** Opening ENTRIES SUPPLIED block **
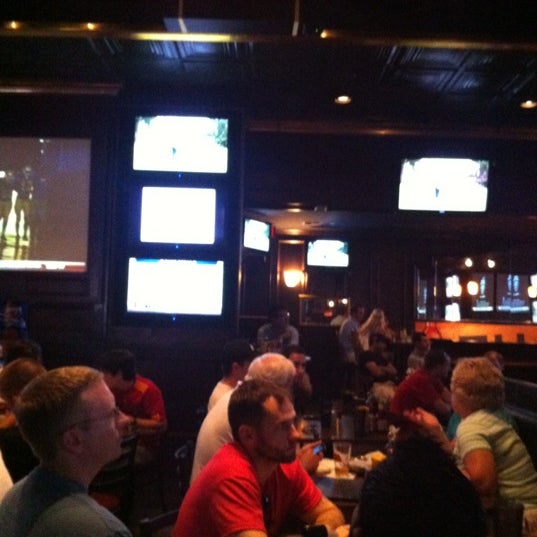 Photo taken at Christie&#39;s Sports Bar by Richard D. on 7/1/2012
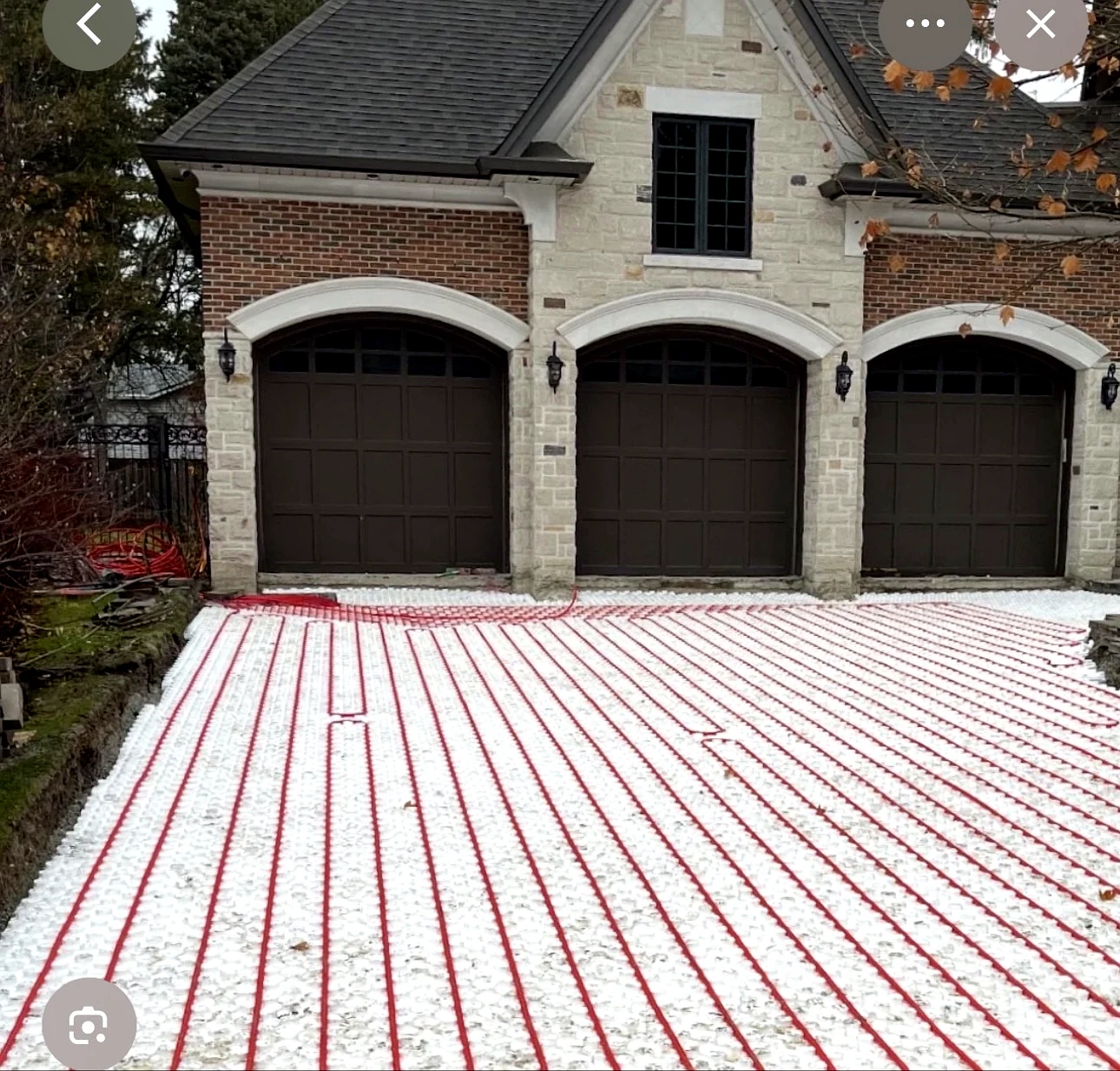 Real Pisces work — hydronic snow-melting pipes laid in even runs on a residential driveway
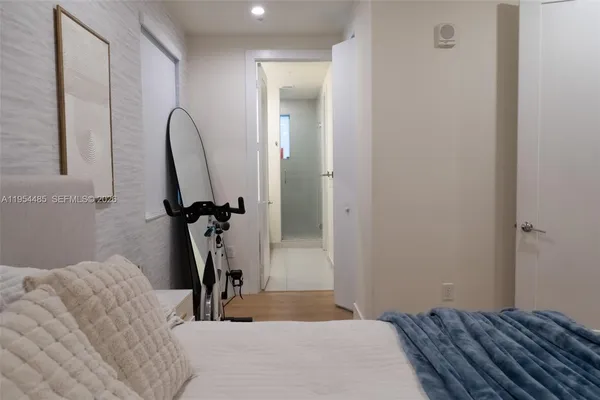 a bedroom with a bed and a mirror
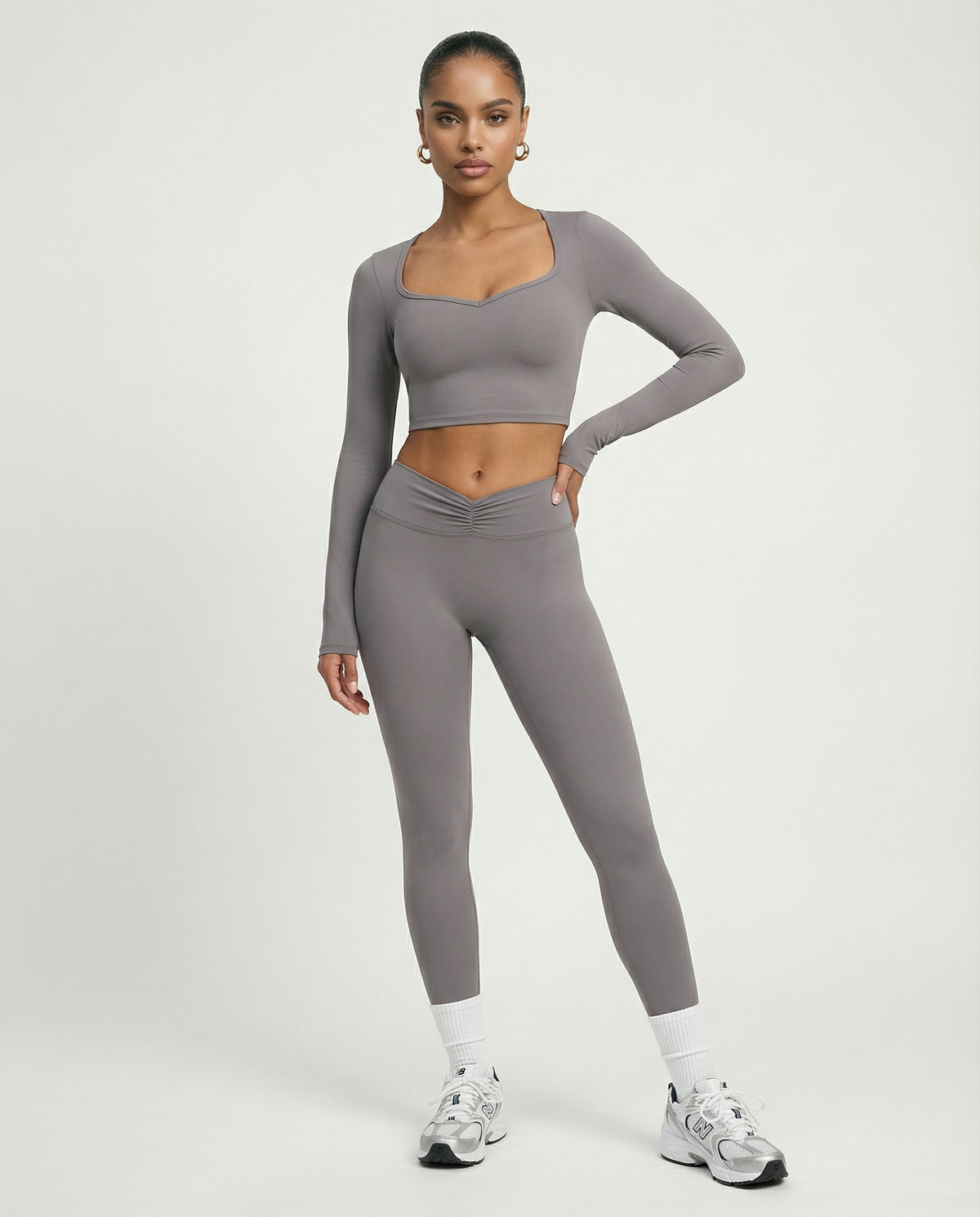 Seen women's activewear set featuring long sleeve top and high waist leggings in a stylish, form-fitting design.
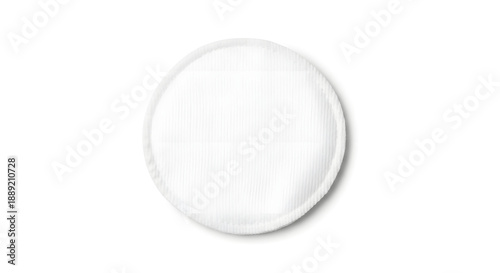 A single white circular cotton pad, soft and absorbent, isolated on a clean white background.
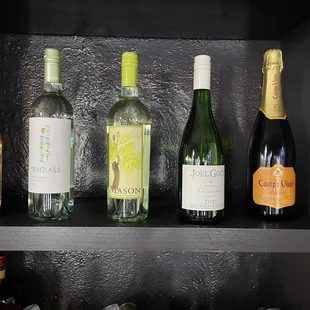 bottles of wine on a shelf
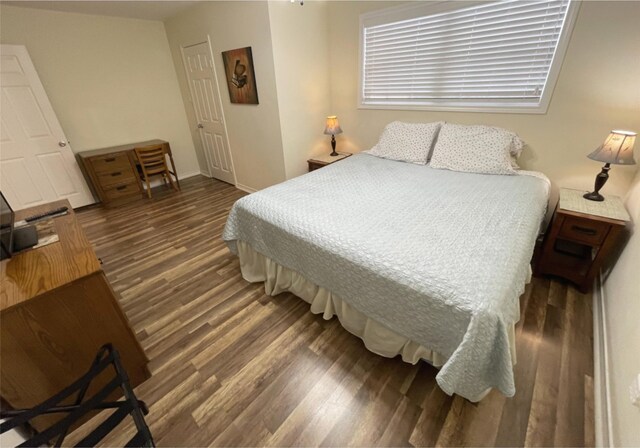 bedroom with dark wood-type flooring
** Closing ENTRIES SUPPLIED block **
- WHAT IS REQUIRED -
Write out exactly the lines from the line holding "Real Pisces work" through the last line of the records above, inclusive, and nothing more. Leave out the pictures.

- ANSWER FOR THIS EXERCISE -
 Real Pisces work — hydronic snow-melting pipes laid in even runs on a residential driveway
 a bedroom with a bed and a mirror
 Seen women's activewear set featuring long sleeve top and high waist leggings in a stylish, form-fitting design.
 A single white circular cotton pad, soft and absorbent, isolated on a clean white background.
 bottles of wine on a shelf
 bedroom with dark wood-type flooring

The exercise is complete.